You are viewing a plain text version of this content. The canonical link for it is here.
Posted to issues@spark.apache.org by "Shannon Carey (Jira)" <ji...@apache.org> on 2021/02/18 20:13:00 UTC

[jira] [Comment Edited] (SPARK-32385) Publish a "bill of materials" (BOM) descriptor for Spark with correct versions of various dependencies

    [ https://issues.apache.org/jira/browse/SPARK-32385?page=com.atlassian.jira.plugin.system.issuetabpanels:comment-tabpanel&focusedCommentId=17286704#comment-17286704 ] 

Shannon Carey edited comment on SPARK-32385 at 2/18/21, 8:12 PM:
-----------------------------------------------------------------

Here's another reason that either a BOM or a move away from dependency management on the Spark side would be helpful.

Problems such as this [https://stackoverflow.com/questions/42352091/spark-sql-fails-with-java-lang-noclassdeffounderror-org-codehaus-commons-compil] occur even if the user has apparently done everything right. The Spark top-level POM specifies version 3.0.9 of janino in its <dependencyManagement>, but when Maven pulls that transitive dependency in via something like spark-sql, it gets the latest version instead (such as 3.1.2). This occurs due to surprising behavior in Maven, recorded in https://issues.apache.org/jira/browse/MNG-5761 and https://issues.apache.org/jira/browse/MNG-6141 .

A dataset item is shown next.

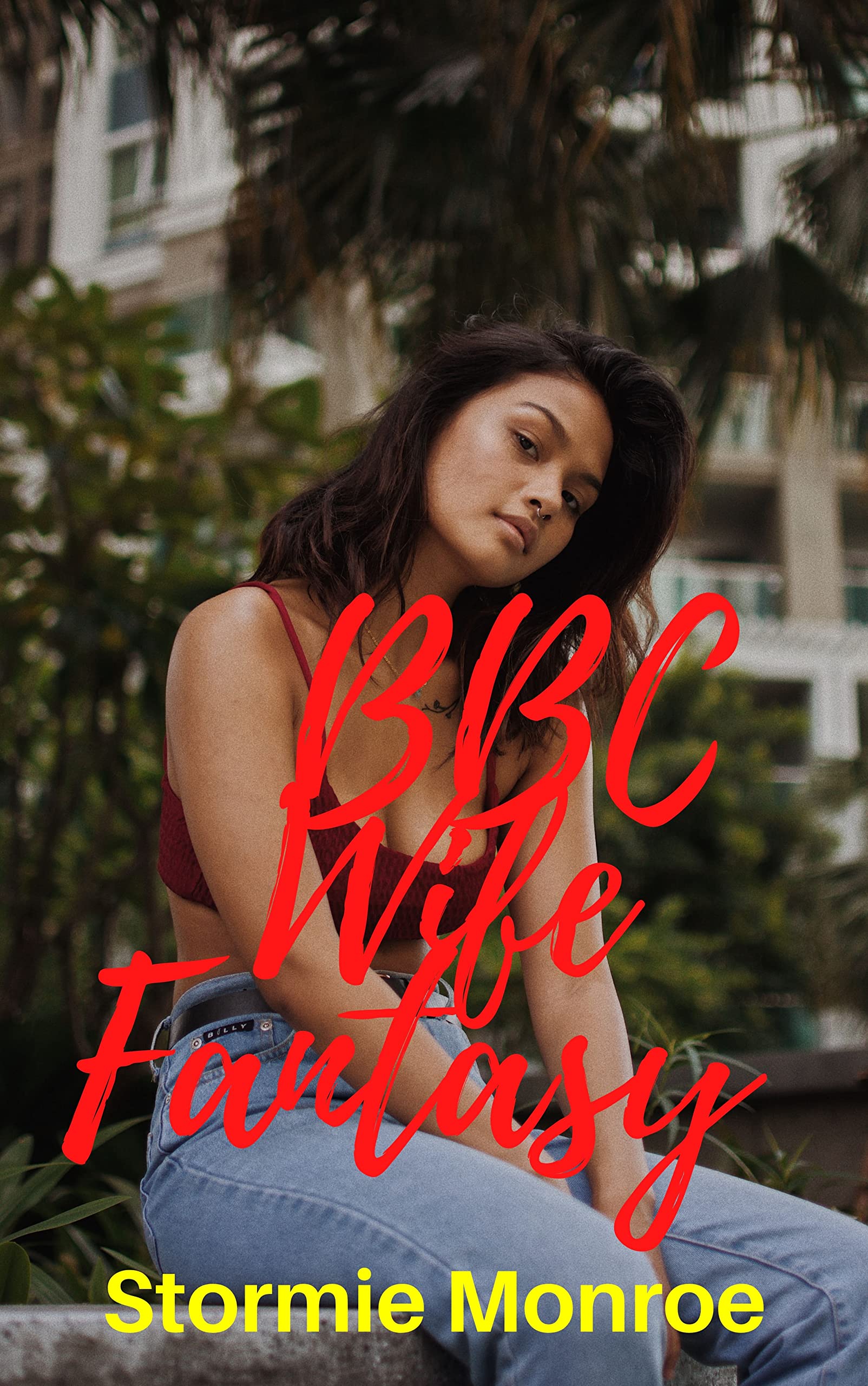BBC Wife Fantasy: 2 BMWW Taboo Interracial Short Stories by Stormie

This problem forces people to add direct dependencies to specific versions of transitive things, sometimes without understanding the cause of the issue, and leads to POMs being more fragile.

If you provide a BOM, that could help with this, if the versions are specified. Or, don't rely purely on dependency management in Maven, for libraries.


was (Author: rehevkor5):
Here's another reason that either a BOM or a move away from dependency management on the Spark side would be helpful.

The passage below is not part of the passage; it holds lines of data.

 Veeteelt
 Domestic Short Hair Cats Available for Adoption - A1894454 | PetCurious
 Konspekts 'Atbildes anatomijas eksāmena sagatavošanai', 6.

Problems such as this [https://stackoverflow.com/questions/42352091/spark-sql-fails-with-java-lang-noclassdeffounderror-org-codehaus-commons-compil] occur even if the user has apparently done everything right. The Spark top-level POM specifies version 3.0.9 of janino in its <dependencyManagement>, but when Maven pulls that transitive dependency in via something like spark-sql, it gets the latest version instead (such as 3.1.2). This occurs due to surprising behavior in Maven, recorded in https://issues.apache.org/jira/browse/MNG-5761 andhttps://issues.apache.org/jira/browse/MNG-6141 .

This problem forces people to add direct dependencies to specific versions of transitive things, sometimes without understanding the cause of the issue, and leads to POMs being more fragile.

If you provide a BOM, that could help with this, if the versions are specified. Or, don't rely purely on dependency management in Maven, for libraries.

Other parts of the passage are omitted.